Senator Kevin Cramer recently made some comments defending President Donald Trump in his feud with Rep. Elijah Cummings, and in them suggested that he’s at times a victim of racism because people make “snide” remarks about North Dakota.
From the Washington Times:
“I could be a victim of racism, but I don’t offend easily, I just don’t offend that easily,” Cramer said.
When a reporter asked “how could you be a victim of racism,” Mr. Cramer said sometimes he gets “snide” comments about being from North Dakota.
“Well, if somebody said something about being from North Dakota, every now and then I get a snicker about it, somebody will say something about North Dakota in some snide way, I don’t offend because I’m comfortable with where I come from, I’m comfortable with who I am. I’m comfortable with my own accomplishments and the accomplishments of our state,” Mr. Cramer said.
NBC News reporter Frank Thorp provided a full transcript of Cramer’s remarks on Twitter:
While discussing Pres Trump's comments RE: Cummings & The Squad, @SenKevinCramer says "I could be a victim of racism"
Pressed on how that's possible:
"If somebody said something about being from ND, every now and then I get a snicker about it"

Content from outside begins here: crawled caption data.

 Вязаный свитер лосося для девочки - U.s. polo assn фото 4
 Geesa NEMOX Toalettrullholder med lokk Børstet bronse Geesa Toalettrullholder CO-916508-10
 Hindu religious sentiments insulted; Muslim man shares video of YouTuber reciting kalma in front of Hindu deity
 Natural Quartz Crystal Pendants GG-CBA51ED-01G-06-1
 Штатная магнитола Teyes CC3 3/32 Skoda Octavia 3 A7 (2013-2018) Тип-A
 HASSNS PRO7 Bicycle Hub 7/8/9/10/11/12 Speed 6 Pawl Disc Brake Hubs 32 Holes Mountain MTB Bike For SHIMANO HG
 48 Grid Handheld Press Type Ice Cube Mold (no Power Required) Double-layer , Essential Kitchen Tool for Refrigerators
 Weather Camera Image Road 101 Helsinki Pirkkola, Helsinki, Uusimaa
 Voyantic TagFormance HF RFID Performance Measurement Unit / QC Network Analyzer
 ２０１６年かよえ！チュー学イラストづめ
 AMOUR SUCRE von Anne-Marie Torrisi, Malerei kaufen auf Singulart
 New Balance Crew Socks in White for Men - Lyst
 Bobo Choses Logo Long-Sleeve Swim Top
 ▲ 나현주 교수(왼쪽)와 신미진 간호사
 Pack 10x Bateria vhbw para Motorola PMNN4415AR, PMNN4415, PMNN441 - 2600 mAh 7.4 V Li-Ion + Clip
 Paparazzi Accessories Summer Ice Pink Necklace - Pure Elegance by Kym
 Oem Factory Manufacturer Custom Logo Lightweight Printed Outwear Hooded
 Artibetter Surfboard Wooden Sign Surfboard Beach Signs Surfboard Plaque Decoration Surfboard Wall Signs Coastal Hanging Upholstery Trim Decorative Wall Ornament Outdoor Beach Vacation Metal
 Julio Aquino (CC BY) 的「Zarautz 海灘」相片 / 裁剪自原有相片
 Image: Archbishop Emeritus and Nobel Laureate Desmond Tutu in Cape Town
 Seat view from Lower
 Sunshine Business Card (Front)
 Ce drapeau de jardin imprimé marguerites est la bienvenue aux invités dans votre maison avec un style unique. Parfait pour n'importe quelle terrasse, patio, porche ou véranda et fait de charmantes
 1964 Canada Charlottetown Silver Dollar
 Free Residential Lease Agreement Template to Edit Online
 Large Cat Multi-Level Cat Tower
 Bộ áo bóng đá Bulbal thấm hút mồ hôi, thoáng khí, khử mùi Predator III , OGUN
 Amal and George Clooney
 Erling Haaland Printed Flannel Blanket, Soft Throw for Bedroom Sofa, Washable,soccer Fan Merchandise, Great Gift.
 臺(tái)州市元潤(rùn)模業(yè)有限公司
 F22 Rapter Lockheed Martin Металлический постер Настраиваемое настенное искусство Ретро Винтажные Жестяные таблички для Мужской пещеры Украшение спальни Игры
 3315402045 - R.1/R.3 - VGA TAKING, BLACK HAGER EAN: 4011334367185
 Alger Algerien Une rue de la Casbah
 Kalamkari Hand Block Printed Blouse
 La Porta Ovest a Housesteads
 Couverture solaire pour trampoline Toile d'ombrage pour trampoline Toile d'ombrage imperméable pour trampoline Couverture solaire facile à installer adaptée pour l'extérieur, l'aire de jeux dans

FULL exchange, for full context: pic.twitter.com/Kja8LPwtyz
— Frank Thorp V (@frankthorp) July 30, 2019
This point was clumsily made by Cramer, though not entirely off the mark. I wouldn’t have used the term “racism” to describe people who look down on North Dakotans – there are lots of people of lots of ethnic backgrounds who are from North Dakota – but I think there’s a larger point about harboring ill-will toward other people based on superficial things which shouldn’t matter. Like race. Or cultural background. Or their geography.
If you say mean, disparaging things about people because they’re from “fly-over country” or “dumbfuckistan” (as Saturday Night Live once described George W. Bush-voting America) are you really operating on a higher moral plain than people who say that sort of thing about people because of their skin color? Or sexual orientation? Or religion?
Hate, it seems to me, is hate.
Cramer could have been more articulate in making this argument, but he’s not wrong, though he might have more credibility in making the argument if he weren’t also an ardent supporter of a President who leverages distrust and hatred among the various demographics of Americans as political tools.